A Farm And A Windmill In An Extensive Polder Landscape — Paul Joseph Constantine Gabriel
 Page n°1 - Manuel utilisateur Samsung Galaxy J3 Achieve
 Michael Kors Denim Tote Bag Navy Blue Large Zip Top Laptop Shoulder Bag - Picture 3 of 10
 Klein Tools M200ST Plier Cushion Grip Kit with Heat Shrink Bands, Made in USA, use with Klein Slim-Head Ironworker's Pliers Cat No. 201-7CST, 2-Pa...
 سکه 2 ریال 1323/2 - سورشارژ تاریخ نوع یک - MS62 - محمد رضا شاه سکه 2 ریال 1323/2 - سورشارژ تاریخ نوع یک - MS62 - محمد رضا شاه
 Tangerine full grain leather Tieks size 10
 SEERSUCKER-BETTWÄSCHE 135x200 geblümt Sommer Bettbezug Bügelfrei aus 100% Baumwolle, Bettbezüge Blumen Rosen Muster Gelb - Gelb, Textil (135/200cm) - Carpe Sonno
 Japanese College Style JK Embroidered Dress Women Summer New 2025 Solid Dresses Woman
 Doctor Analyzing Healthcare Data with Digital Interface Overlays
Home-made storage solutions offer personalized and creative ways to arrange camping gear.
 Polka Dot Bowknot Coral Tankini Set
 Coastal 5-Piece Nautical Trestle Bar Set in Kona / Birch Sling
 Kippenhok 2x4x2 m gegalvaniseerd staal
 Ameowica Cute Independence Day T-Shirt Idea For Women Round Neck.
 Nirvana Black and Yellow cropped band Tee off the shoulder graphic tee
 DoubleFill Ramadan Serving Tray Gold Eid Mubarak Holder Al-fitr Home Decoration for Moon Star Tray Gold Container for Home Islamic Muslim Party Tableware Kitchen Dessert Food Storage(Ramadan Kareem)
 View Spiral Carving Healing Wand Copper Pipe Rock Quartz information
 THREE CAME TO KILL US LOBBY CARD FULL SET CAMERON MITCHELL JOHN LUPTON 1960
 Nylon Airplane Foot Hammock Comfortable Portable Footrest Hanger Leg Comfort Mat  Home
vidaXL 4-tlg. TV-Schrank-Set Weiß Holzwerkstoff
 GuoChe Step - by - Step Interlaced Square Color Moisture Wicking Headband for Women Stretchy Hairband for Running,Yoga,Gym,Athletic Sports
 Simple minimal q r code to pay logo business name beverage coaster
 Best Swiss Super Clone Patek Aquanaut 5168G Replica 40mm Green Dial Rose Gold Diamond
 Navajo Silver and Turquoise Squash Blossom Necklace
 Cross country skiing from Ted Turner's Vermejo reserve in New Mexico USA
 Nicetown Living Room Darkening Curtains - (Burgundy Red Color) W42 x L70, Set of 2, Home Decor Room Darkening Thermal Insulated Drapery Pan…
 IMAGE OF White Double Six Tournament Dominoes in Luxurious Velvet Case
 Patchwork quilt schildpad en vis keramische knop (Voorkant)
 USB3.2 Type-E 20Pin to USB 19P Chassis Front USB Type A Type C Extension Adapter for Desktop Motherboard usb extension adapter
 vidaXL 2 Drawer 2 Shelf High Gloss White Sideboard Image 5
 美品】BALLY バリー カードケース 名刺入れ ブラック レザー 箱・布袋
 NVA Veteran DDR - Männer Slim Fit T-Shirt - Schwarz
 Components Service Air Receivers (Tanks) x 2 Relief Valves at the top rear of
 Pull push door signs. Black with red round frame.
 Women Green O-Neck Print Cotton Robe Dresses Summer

* [Requirement]:
Go through the records above and return each line in which the word "Shirt" occurs.

* [Response to this exercise]:
 Ameowica Cute Independence Day T-Shirt Idea For Women Round Neck.
 NVA Veteran DDR - Männer Slim Fit T-Shirt - Schwarz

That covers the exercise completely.